[WHAT YOU HAVE TO DO]
The output should contain the listing word for word and no pictures.

[SOURCE MATERIAL]

★ ★ ★ ★ ★ ★ ★

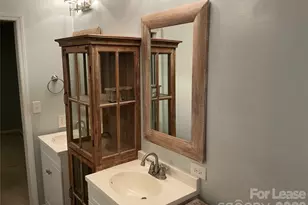 415 E Broad St, Statesville, NC 28677 - Photo 7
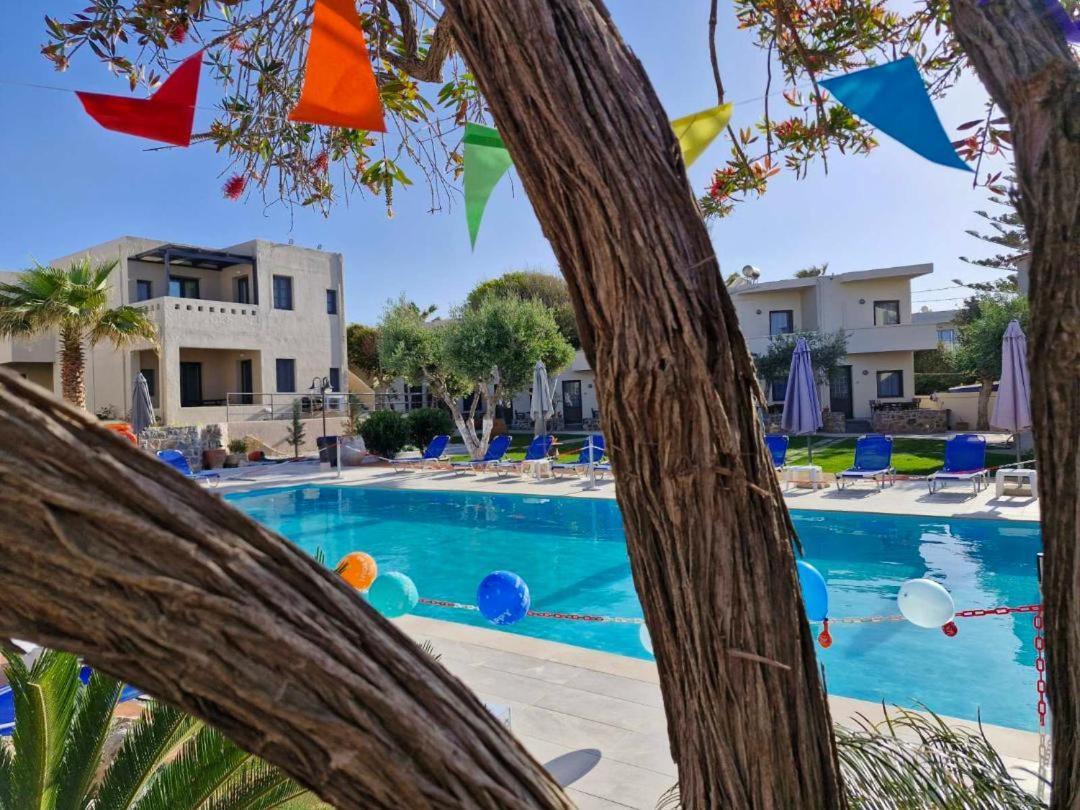 Creteco Hotel & Suites Goúrnes Екстериор снимка
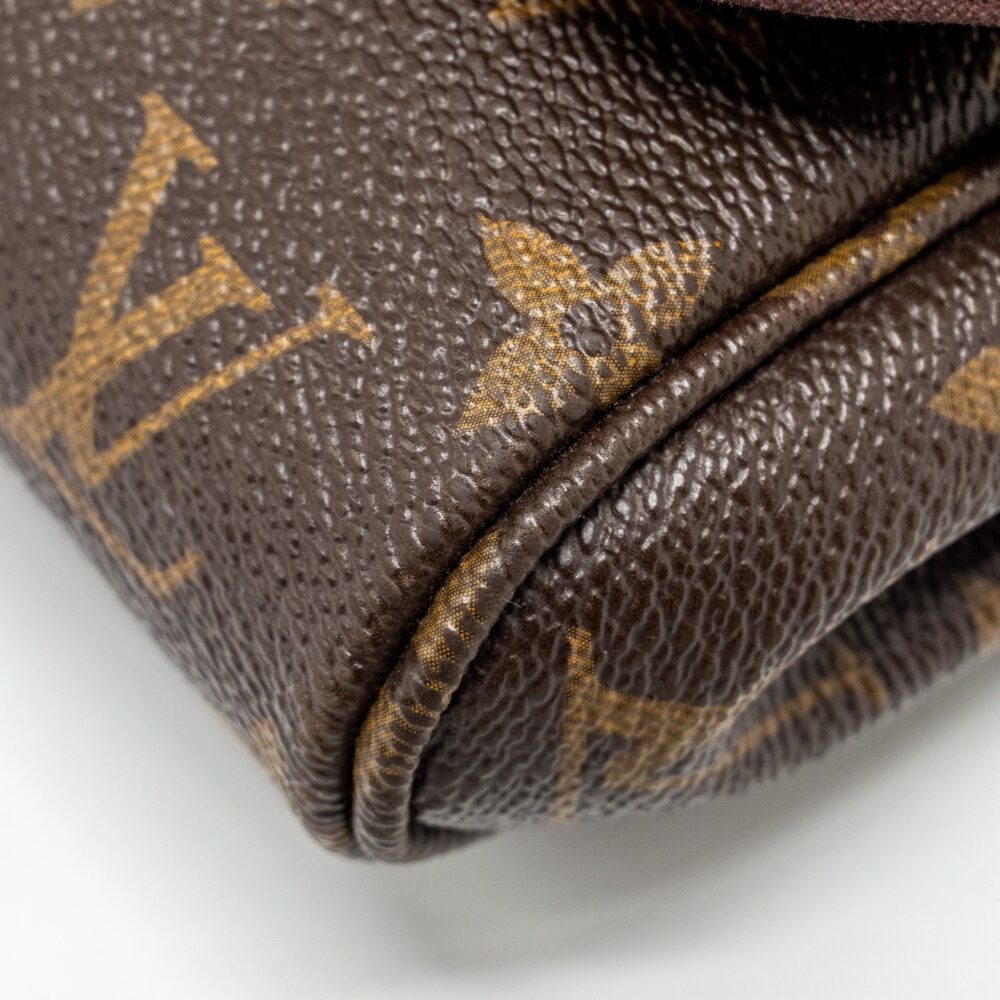 AAA Replica Louis Vuitton LV FAVOURITE PM MONOGRAM CANVAS GHW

★ ★ ★ ★ ★ ★ ★

[RESPONSE TO THIS EXERCISE]
 415 E Broad St, Statesville, NC 28677 - Photo 7
 Creteco Hotel & Suites Goúrnes Екстериор снимка
 AAA Replica Louis Vuitton LV FAVOURITE PM MONOGRAM CANVAS GHW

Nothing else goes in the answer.